Over the past decade, particularly the last few years, the trend in school discipline has been toward restorative justice—which emphasizes authentic dialogue, mutual understanding, and communal responsibility—and away from “zero tolerance,” which critics argue discriminates against nonwhite students and exacerbates the “school-to-prison pipeline.” In many cases, these progressive tactics are effective in improving campus culture and boosting achievement. But in some cases, as the circumstances in L.A. suggest, they come with unintended consequences.

Upon reading that story in the Times , I reflected on military-sponsored schools like Grizzly Youth Academy, which take a completely inverse approach to classroom structure and discipline. Boys and girls are separated. Students ask permission to speak. They all dress the same. Police officers are replaced by sergeants, who control almost every aspect of the schools’ operation. As an English teacher who has taught 1984 for a decade, I cringed when I first observed this seemingly dystopian educational environment—and at first, it may sound like the last place teens with disciplinary problems would want to attend. Yet Grizzly’s students voluntarily enroll. In fact, there’s a waiting list, and after 22 weeks of classes, many of them don’t want to leave....

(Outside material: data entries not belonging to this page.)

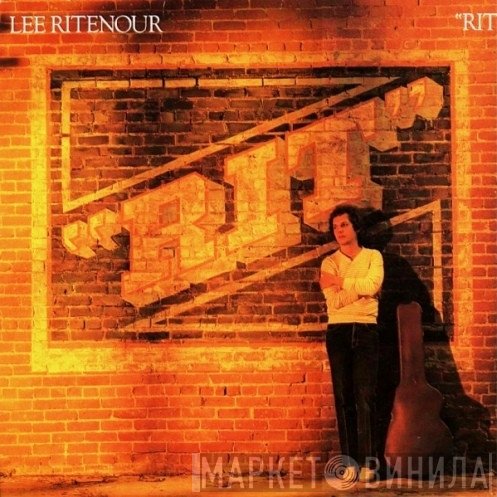 Lee Ritenour  - Rit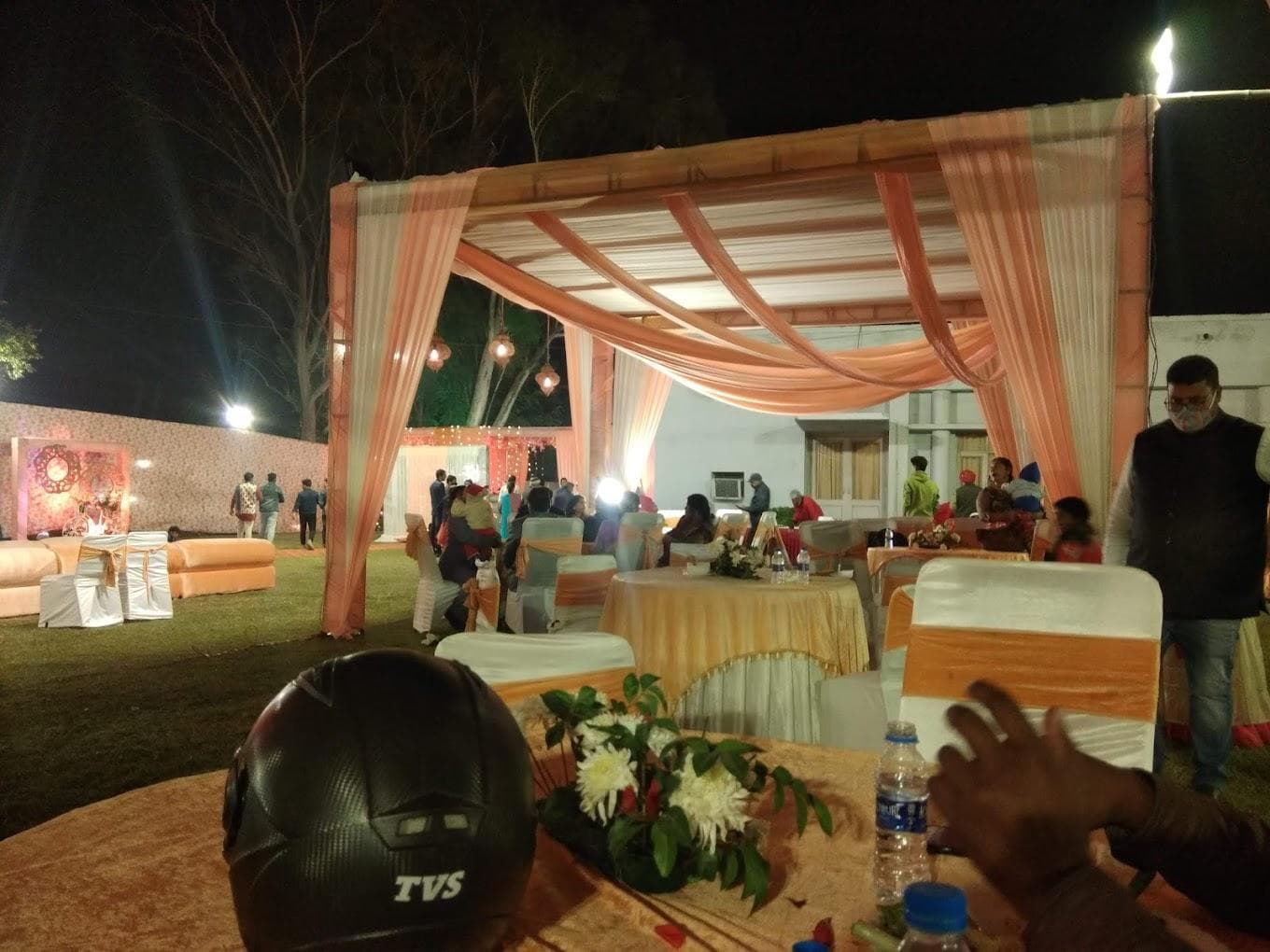 Sunbird Tourist Resort, Faridabad photo 4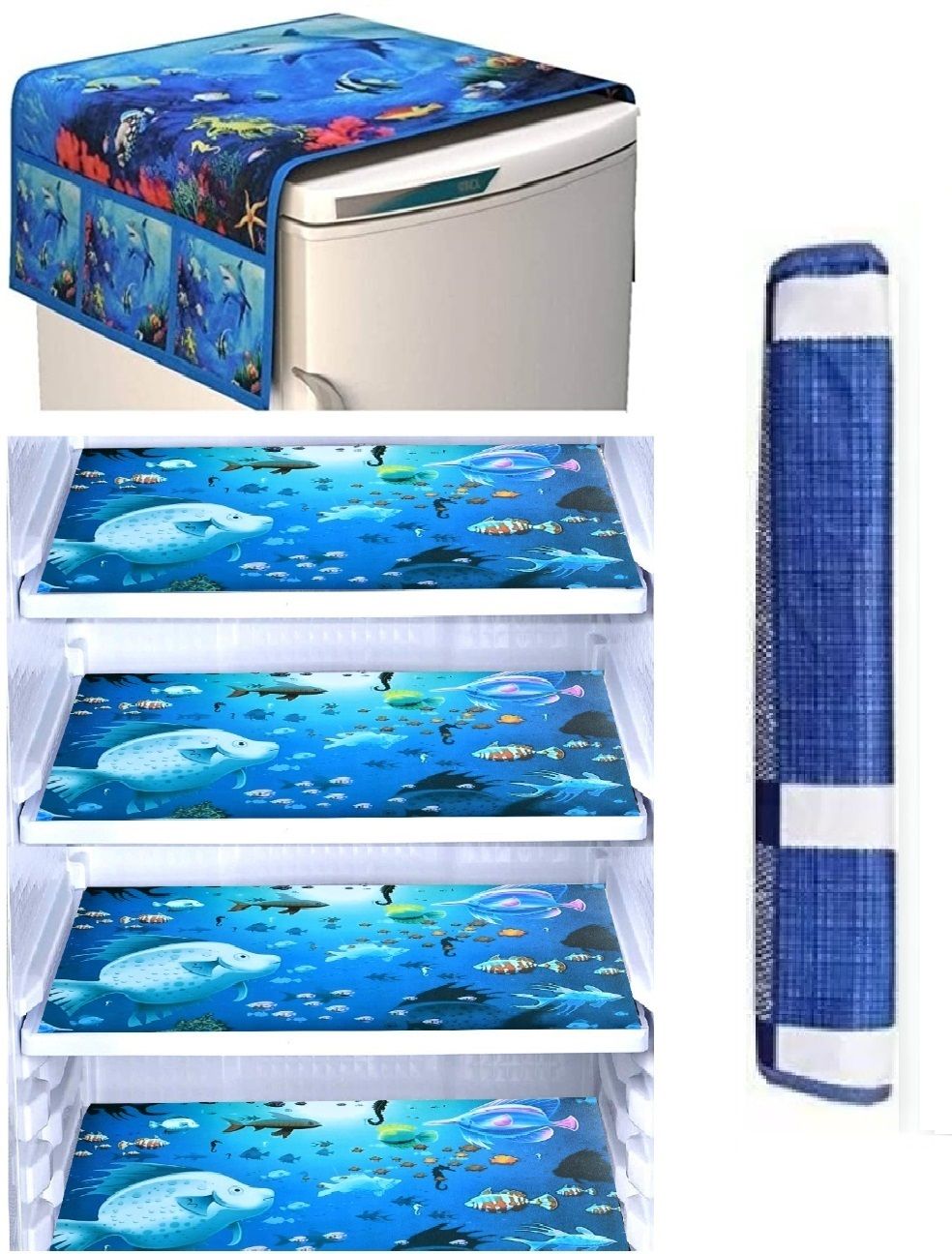 rulit RefrigeratorCover-picture-19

And it seems to work. A three-year study conducted by the nonpartisan think tank MDRC showed significant statistical success in the program; participants are more likely than their control group counterparts to have obtained a high-school diploma, to have earned college credits, and to be working....

Grizzly is expensive to run, costing the state roughly $18,000 per student—and just as LAUSD teachers are balking at widespread systems of restorative justice, taxpayers may not be ready to pay for a significant expansion of programs the one offered here. But perhaps they should reconsider: A San Luis Obispo civil grand jury in 2011 reported that the national programs have saved taxpayers well over $100 million by decreasing correctional, educational, and federal-assistance costs, while increasing community service and the tax-revenue base. The Rand Corporation, a nonprofit, nonpartisan research organization, likewise found that the National Guard program’s nationwide results in $2.66 in social benefits for every dollar expended.